“These steps are perfectly designed,” I commented, as we rose from the bustling streets of New York into the Metropolitan Museum of Art. I found the steps to be representative. People who design steps most often make them utilitarian, designed to get us from one place to another without much regard for the comfort level of the ones who will use them. The steps to the museum hardly feel like steps to me. They are shallow enough to feel like, when you traverse them, you are effortlessly rising, and all of a sudden you are swept through those heavy doors into the echoing chambers inside. It makes me grateful that forward thinking people took such care in making art accessible to the average human being.
We had one full day to ourselves in our recent trip to New York City, and we chose to spend it in the museum during the day and at a Broadway show that night. We love that museum! I am very lucky that the man I love likes similar things.
The piece is actually six individually sculpted figures arranged for this installment on a pedestal. The six figures seem to swirl in a circular motion so that you can walk around and around the arrangement and feel like you are in it.

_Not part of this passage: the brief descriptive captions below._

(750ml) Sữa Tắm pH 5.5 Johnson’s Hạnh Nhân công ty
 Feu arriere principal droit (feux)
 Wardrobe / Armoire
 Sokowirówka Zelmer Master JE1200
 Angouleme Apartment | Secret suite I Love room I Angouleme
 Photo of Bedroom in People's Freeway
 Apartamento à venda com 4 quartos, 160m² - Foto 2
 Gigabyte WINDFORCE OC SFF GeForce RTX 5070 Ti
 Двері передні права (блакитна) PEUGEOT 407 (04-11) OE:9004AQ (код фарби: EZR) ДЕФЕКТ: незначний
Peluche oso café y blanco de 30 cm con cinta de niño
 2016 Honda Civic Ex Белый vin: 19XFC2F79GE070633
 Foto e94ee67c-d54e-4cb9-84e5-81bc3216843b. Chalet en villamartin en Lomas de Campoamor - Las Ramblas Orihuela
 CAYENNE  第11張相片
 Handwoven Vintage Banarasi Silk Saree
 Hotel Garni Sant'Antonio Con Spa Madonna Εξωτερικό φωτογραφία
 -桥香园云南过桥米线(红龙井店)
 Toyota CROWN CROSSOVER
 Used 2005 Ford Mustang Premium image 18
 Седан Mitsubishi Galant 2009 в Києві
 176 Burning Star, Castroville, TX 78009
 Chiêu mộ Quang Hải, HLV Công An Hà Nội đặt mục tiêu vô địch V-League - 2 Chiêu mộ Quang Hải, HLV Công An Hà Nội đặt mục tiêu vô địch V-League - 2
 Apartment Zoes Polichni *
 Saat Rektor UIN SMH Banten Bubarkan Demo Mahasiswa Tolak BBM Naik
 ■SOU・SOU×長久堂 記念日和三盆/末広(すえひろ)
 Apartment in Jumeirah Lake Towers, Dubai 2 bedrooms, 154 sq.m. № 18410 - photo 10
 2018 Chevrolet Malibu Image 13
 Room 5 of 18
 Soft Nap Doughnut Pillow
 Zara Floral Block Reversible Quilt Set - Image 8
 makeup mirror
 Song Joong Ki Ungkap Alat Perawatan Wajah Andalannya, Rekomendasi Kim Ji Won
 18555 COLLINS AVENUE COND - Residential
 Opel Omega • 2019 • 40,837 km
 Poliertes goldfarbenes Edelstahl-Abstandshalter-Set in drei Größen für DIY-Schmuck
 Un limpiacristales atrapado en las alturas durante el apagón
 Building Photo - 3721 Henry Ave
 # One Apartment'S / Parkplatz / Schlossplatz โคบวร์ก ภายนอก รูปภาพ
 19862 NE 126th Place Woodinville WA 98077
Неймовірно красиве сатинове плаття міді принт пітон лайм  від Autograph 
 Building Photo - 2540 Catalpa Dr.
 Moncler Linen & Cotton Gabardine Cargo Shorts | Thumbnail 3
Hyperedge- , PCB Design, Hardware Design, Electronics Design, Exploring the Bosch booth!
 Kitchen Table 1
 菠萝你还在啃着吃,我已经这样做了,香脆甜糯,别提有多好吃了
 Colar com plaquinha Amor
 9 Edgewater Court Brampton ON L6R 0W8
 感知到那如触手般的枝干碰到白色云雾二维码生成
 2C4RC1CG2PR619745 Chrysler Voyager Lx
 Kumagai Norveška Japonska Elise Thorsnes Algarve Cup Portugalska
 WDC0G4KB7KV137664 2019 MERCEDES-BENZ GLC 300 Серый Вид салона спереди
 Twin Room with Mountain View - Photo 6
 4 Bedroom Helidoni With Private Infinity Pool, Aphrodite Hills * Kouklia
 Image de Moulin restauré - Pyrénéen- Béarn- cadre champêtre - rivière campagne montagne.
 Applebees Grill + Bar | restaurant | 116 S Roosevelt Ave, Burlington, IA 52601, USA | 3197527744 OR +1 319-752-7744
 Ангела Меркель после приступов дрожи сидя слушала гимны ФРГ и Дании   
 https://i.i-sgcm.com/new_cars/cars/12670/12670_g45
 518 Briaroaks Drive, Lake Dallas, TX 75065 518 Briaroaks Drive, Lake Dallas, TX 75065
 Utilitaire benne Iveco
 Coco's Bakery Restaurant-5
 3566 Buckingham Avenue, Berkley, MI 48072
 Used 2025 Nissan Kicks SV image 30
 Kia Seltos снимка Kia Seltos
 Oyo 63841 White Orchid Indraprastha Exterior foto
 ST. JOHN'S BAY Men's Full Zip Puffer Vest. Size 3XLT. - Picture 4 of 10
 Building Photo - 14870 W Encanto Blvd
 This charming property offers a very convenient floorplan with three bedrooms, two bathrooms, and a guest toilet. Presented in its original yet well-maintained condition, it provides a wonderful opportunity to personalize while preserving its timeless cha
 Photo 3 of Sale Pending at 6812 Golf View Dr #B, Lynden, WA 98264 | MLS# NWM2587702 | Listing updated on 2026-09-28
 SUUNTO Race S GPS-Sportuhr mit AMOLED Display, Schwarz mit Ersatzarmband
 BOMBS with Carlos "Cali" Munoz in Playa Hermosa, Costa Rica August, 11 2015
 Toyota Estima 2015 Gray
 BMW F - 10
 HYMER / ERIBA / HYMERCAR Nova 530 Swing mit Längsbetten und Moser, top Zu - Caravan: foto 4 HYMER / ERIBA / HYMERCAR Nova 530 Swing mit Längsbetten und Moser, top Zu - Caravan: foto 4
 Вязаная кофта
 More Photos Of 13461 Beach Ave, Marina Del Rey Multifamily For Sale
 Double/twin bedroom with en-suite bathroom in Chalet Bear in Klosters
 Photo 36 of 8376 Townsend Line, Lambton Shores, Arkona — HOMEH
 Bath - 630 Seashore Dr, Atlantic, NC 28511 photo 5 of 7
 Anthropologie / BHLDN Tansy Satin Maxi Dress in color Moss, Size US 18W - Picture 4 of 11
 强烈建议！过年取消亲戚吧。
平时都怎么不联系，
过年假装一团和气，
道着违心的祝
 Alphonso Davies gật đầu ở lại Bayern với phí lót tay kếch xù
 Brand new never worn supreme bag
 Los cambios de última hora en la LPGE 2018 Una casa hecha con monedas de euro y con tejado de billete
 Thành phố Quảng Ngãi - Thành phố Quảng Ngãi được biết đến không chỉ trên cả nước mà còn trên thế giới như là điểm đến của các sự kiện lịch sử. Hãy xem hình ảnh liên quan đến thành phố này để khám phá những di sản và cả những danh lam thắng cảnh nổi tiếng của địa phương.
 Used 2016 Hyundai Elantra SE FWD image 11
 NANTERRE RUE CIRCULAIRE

The story goes that the French port city of Calais was under siege during the Hundred Years War. England’s Edward III basically entrapped the city for over a year, not allowing any trade to come in or go out of the city. The citizens were starving. Edward offered to spare the people of the city if any six of its top leaders would surrender themselves, presumably to be executed. He stipulated that they walk out wearing nooses around their necks, and carrying the keys to the city and castle. One of the wealthiest of the town leaders, Eustache de Saint Pierre, volunteered first, and five other prominent citizens (burghers) joined with him. Saint Pierre led this envoy of volunteers to the city gates. It was this moment, with its poignant mix of resignation and heroic self-sacrifice, that Rodin captured in his sculpture.
At one point as I was ingesting the mastery of the piece I saw through the collection of arms and legs and nooses the face of my husband on the other side gazing at the piece. It stopped me short.
My husband was the mayor of our city for four years and for eight years before that he served on the city council. I imagined him among these men willing his feet to move under him, requiring himself to not look back. Then my imagination took over and I saw my children and others who love him watching him go, believing that the steps he took would lead to a point of no return and imminent death. That, I believe, is exactly what Rodin wanted when he created this piece.
Look at these hands. They are massive. And these feet…how heavy. I stood there on that cold marble floor, the whisperings of fellow citizens reverberating in that chamber, and thanked the Lord for Auguste Rodin; for not only his able hands but for his insightful mind and sensitive heart. And I thanked the Lord for those citizens of Calais who went willingly though not without fear. And I thanked the Lord that I know and love someone who would so naturally fit in that scene if he had to, though the prospect of it breaks my heart to even ponder . I realized that my life and every life is enriched by unusual collections of people whose decisions weave together unawares. The leadership of England and France at battle over things the average citizen would not fret about; the suffering that led to crisis that led to proposals that led to the decision by six families to sacrifice someone they loved for the sake of the town; the act itself…where six men stripped themselves and wrapped their necks in rope and walked away from all they loved; the vision of the people of Calais 500 years later collecting their funds and commissioning a tribute to their forefathers; the inspiration of Rodin in choosing to depict in this way; the wisdom of the stewards at the Metropolitan Museum in acquiring the piece and preserving it so an average girl from a small town in Utah could experience it up close and personal and in the process seal her heart once again to the man she loves and admires. We swirl in our existence like those burghers of Calais, our lives touching each other like the robes of the martyrs.
I wonder if I would have the courage to sacrifice myself like that. I am not sure what I would do. I am not sure if I could support my husband doing it. Or my son, or grandson.
I suppose what matters most is that we are willing to consider it, because in considering we own the possibility, and in owning the possibility we deepen our respect, our devotion, and our understanding.